Because garlic requires lots of water to grow, you’ll need to keep the garden soil moist throughout the growing process. Most often, failed harvests are due to dry soil. Especially if you’re growing in full sun, consistent monitoring of the water content in the soil is important. But you don’t want to go overboard with water. That can cause bulb rot. Here is where the growing medium comes in. Amendment mixtures of garden compost, well-rotted steer manure, and sand will promote moisture, but also assist with drainage. An addition of 2 tablespoons of 5-10-10 fish meal gives the bulbs the nutrition they need. And mulching with pine needles helps the soil retain moisture even in direct sunlight. Keep this in mind when preparing your site.
Onion maggots don’t do much damage to a harvest at first, but after a few generations, they can cause up to 50% yield loss. They feed on the garlic seedlings at first, and then on expanding bulbs in the 2nd and 3rd generations. Insecticides applied to the growing area before planting will assist in removing the threat of onion maggots. Spinosads applied to seeds will also prevent them. Maggot flies are the same pests as onion maggots but in their adult form. Prevention methods for controlling them are cultural. Rotate your garlic crops to prevent them. This also prevents wearing out the soil in the process of growing delicious garlic bulbs.

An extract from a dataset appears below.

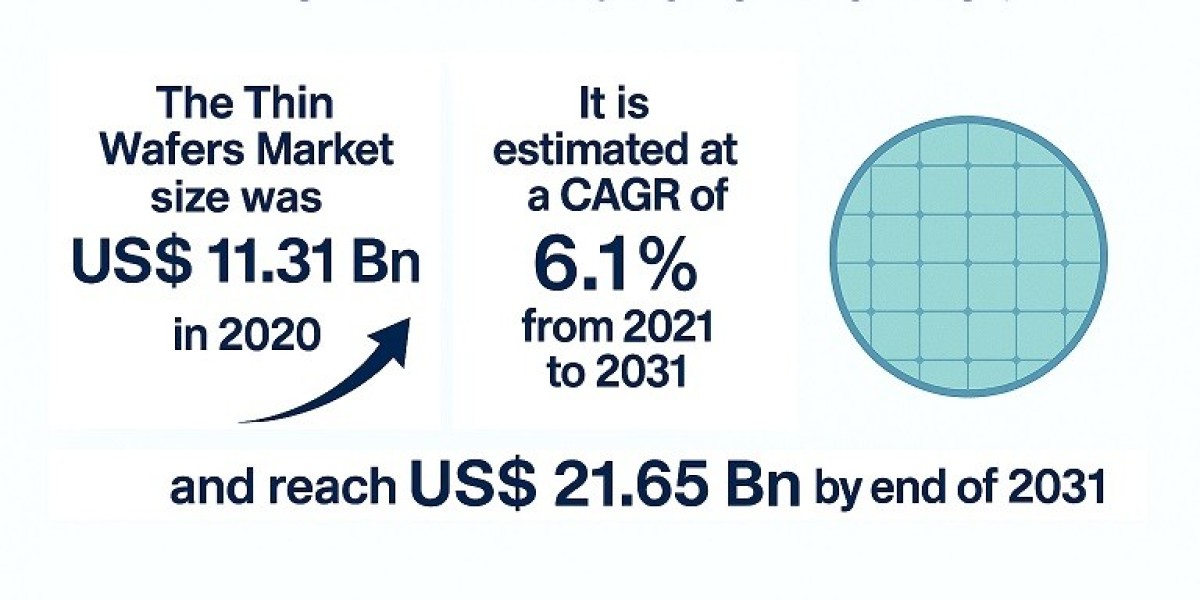 Thin Wafers Market: Enabling Next-Gen Semiconductor Miniaturization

Dry bulb mites also feed on garlic and reduce yields, delaying your harvest. They are part of the same class as ticks and mites. They overwinter inside stored cloves and affected plants become stunted. Females lay eggs on garlic leaves that hatch releasing hundreds of larva who flock to bulbs to eat. Crop rotation will keep your garlic producing at a normal rate, and prevent these mites. Hot water treatments of garlic seeds keep them away as well. Neem sprayed on non-flowering plants will keep the mites from laying eggs on your leaves altogether.

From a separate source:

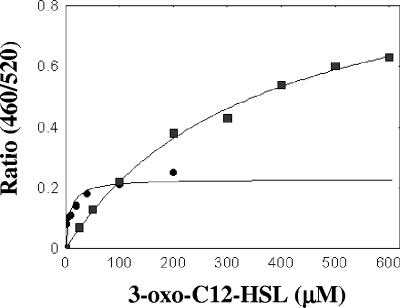 FIG. 8.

Consider these when gardening to ensure you have a timely and plentiful garlic harvest.
Frequently Asked Questions
Q: How do you know when garlic is ready to harvest?
A: It depends on the type you’re growing. See above!
Q: What is the best month to plant garlic?
A: Most garlic does best when planted in late summer to early fall. However, you can plant some varieties in spring as well.
Q: How long does garlic take to sprout?
A: Cloves sprout within 4 to 8 weeks. Bulbils take 8 to 9 months.